Brinquedos eletrônicos estão muito presentes no cotidiano infantil. Eles são indicados para crianças pequenas? E para o acervo da escola?
CYRCE
Não sou defensora do sabugo de milho em oposição ao chip. Acho que um complementa o outro. Esse tipo de discussão já existiu no passado: brinquedo industrializado versus artesanal. O alvo muda, mas já vimos que as coisas se somam. Porém defendo que a escola, por ser um dos raros lugares que os pequenos têm para conviver com os colegas hoje, seja um ambiente que privilegie o brincar em grupo. Mas isso não significa proibir os eletrônicos totalmente.

Alguns eletrônicos parecem ter vida própria, o que acaba gerando a ideia de que a criança não precisa brincar com eles e se torna mera expectadora. Essa concepção faz sentido?
CYRCE
Essa dúvida me faz recordar um estudante de Pedagogia que me contou gostar muito, quando menor, de brincar com um trem elétrico, que ficava rodando sozinho. Ele disse que, enquanto o observava, lembrava que sua avó andava de trem e que ela sempre lhe contava histórias. Ele ouvia a voz dela enquanto o trem estava em movimento. É uma história interessante para ref letir sobre o fato de que não temos como saber o que se passa pela cabeça de alguém enquanto brinca. E não há brinquedo eletrônico que prenda a atenção porque é eletrônico. Ele tem de ser interessante. 
Como resgatar as brincadeiras tradicionais de rua, como amarelinha e pega-pega?
CYRCE
A escola tem de se apropriar delas porque é um dos únicos lugares que hoje oferecem os pré-requisitos para que ocorra: espaço livre e gente reunida. Outro motivo é que elas promovem a integração social. O problema é que qualquer jogo para entrar na escola precisa ter um objetivo didático. O olhar adulto às vezes é redutor das possibilidades.

“Aprender brincando” é uma expressão muito em voga. Funciona usar brinquedos para ensinar? CYRCE Acho possível. Porém isso não significa disfarçar a aprendizagem. Se estamos dentro da escola, qual o problema de ela fazer seu papel? Aprender é tão interessante quanto brincar. Não é castigo. Os educadores precisam compreender que criança gosta de aprender e se dedica ao desafio. Basta saber como conduzi-lo. Observe os pequenos com blocos de madeira. Eles nunca constroem coisas simples: tentam montagens mirabolantes, que vão cair várias vezes até dar certo. Às vezes, disfarçar algo com uma brincadeira pode ser bom para diminuir uma angústia do adulto que precisa ensinar, e, não da criança, que vai aprender.

Ensinar a perder é importante na Educação Infantil? Por quê?

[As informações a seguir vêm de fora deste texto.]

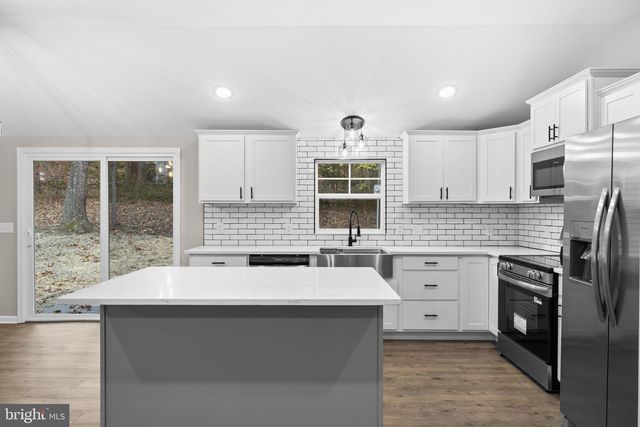 8611 ENGLEMAN LN, Spotsylvania, VA 22551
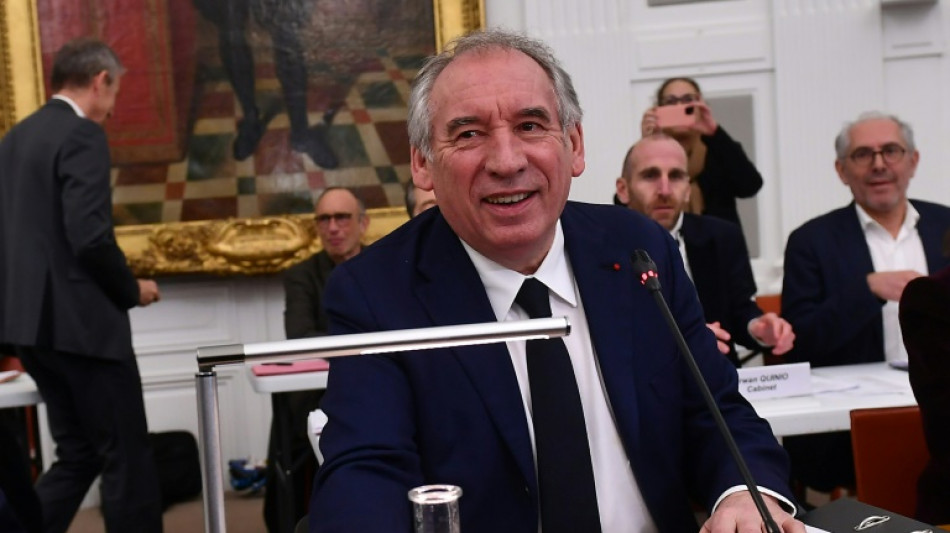 Entre la crise à Mayotte et Pau, Bayrou consulte et espère former un gouvernement "cette semaine"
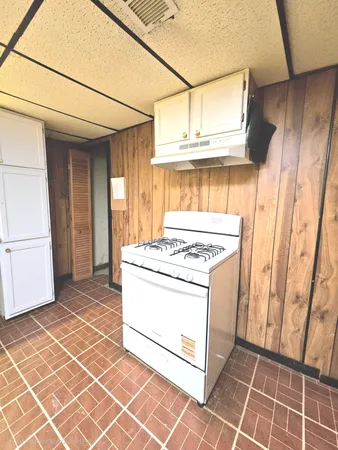 $239,990 | 23015 Brandywynne Street, Southfield, MI 48033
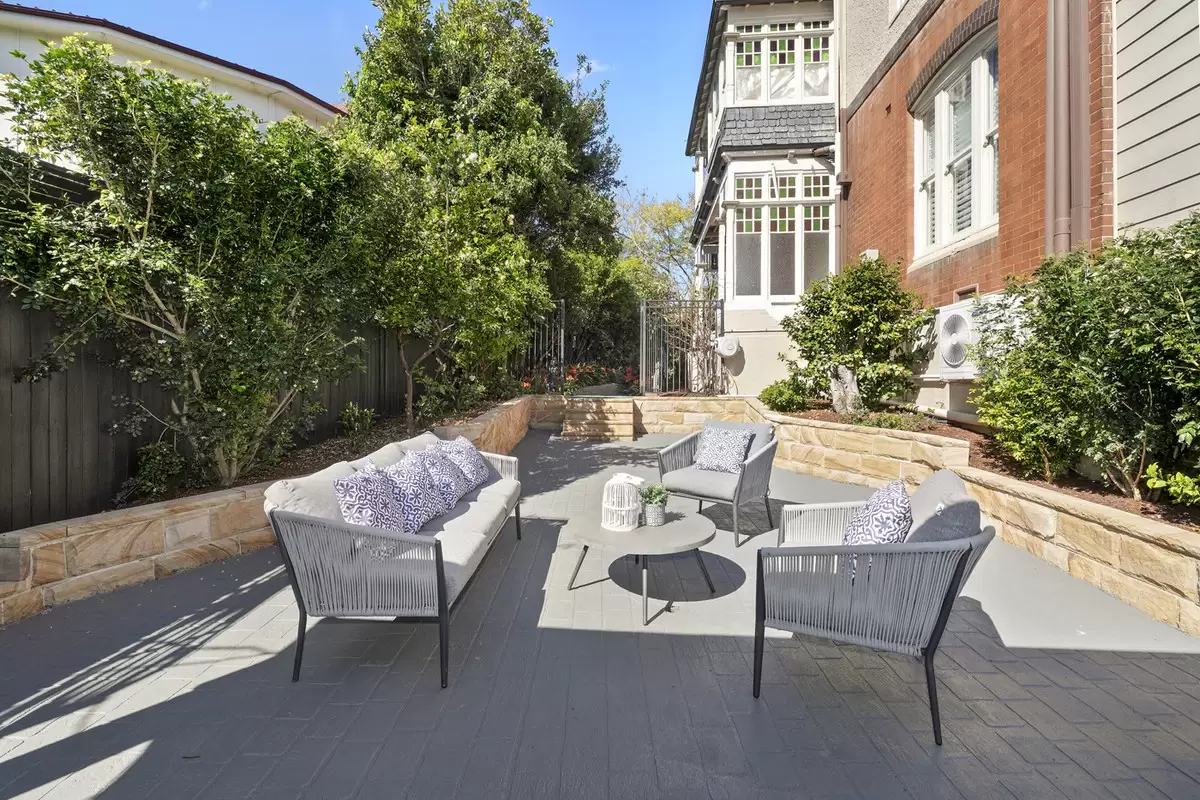 217 Burwood Road, Burwood Sold by Rich & Oliva - image 28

CYRCE Quando pequenas, as crianças não têm o valor de ganhar e perder bem definidos e isso tem de ser trabalhado – mas não valorizando o ganhador e ironizando o perdedor. Brincar tem de ser divertido e, mais que aprender a perder, é importante saber que brincar é gostoso. Geralmente, jogos cooperativos são muito valorizados nas escolas: todos ganham ou perdem e perder em grupo é menos dolorido. Quem disse que, quando o jogo vence, as crianças não começam a procurar quem fez a jogada que colaborou com a derrota? O válido em ter jogos desse tipo é proporcionar o contato com a diversidade de regras. Aprender a cooperar é fundamental, mas os tabuleiros não têm o poder de ensinar isso.

Qual o tempo que o brincar deve ocupar na rotina da Educação Infantil?
CYRCE
É uma questão difícil. Não saberia dizer se é algo que pode e deve ser marcado. Por isso, não sou a favor do ambiente chamado brinquedoteca nas escolas quando é usado como um espaço que limita – física e temporalmente – o momento do jogo. Se considero que há um tempo definido para brincar, preciso definir o que não é brincar e isso não faz sentido, já que a construção do conhecimento se dá em vários momentos e não é uma coisa estanque.